Em vez de investir só em promoções e eventos, cada vez mais centros comerciais no Brasil estão apostando numa estratégia que parece simples, mas mexe lá no fundo: criar mascotes.
E não são só bonequinhos fofos.
São personagens com nome, história, personalidade, e o mais importante: papel ativo no relacionamento com o público.
No Natal Shopping (RN), por exemplo, nasceu a elefantinha Naty — inspirada no desenho de uma menina de 13 anos.

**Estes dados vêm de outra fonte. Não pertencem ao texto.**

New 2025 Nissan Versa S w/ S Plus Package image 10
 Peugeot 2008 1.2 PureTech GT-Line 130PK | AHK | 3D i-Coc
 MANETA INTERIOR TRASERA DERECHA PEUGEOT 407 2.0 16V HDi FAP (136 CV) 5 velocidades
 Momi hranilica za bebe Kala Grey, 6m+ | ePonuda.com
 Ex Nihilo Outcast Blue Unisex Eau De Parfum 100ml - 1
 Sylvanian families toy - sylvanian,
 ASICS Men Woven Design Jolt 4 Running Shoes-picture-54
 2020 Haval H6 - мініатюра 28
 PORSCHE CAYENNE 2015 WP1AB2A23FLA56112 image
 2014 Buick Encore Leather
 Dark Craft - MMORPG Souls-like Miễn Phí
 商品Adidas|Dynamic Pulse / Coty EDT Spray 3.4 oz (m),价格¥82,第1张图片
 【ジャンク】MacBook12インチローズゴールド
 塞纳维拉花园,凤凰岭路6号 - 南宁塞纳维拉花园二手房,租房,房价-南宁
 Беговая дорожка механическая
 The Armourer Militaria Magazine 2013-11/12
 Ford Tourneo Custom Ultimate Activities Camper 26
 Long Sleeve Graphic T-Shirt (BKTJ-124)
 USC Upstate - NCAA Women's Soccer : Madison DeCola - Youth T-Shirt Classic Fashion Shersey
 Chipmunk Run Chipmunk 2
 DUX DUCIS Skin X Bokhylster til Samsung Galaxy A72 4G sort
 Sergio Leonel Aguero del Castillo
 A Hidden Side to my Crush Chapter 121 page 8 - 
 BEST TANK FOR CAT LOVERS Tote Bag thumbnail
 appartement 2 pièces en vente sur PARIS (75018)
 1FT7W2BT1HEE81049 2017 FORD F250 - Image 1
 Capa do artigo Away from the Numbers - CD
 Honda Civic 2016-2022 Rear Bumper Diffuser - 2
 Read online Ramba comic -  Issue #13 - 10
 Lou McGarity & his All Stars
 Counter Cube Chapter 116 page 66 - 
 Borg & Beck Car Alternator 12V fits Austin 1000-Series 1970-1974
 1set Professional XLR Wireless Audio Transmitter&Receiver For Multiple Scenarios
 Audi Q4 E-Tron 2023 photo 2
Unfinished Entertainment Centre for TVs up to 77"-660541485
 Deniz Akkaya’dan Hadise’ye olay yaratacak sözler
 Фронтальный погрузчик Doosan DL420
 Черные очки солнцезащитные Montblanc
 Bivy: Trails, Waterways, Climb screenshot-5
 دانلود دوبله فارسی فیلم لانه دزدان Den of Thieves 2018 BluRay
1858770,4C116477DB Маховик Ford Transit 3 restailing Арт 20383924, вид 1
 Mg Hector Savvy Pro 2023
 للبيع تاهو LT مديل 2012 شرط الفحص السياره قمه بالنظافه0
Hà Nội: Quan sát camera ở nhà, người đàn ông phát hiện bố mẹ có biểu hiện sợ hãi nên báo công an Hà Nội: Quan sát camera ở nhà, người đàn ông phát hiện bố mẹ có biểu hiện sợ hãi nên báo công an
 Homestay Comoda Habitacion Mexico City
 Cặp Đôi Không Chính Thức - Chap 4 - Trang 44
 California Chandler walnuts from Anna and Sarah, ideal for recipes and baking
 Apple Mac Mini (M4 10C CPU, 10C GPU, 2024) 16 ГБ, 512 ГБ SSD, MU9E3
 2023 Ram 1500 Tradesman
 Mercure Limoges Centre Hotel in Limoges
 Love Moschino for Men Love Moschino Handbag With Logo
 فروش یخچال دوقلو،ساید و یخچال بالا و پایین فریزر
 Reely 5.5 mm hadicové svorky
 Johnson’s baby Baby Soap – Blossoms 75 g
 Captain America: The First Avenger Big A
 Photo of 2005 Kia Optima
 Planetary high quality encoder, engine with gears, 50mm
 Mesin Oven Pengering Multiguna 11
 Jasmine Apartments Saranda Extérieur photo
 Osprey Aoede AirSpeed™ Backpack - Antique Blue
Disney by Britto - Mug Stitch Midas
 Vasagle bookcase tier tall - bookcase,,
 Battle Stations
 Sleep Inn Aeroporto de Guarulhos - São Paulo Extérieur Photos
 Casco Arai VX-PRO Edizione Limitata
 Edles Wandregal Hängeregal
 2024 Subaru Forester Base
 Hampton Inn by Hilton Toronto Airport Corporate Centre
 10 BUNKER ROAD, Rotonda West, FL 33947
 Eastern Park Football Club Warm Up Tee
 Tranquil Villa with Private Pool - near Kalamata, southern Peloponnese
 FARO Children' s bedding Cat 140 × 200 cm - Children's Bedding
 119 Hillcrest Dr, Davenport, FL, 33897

Ela virou o símbolo oficial do lugar. Participa de eventos, campanhas sazonais, ações sociais. Tem até linha de produtos e fila pra tirar foto.
Mas por que isso importa?
Porque num mercado saturado de estímulo visual e venda agressiva, a lembrança afetiva virou o novo diferencial competitivo.
As crianças amam o personagem, os pais criam vínculo com o espaço e a marca sai da cabeça e vai direto pro coração.
É uma estratégia de branding afetivo, mas com efeito concreto:
Mais tempo de permanência no shopping;
Maior engajamento nas ações;
E fidelidade construída fora da lógica do desconto.
Enquanto uns estão tentando empurrar ofertas com influenciador genérico… outros estão criando personagens que viram memória.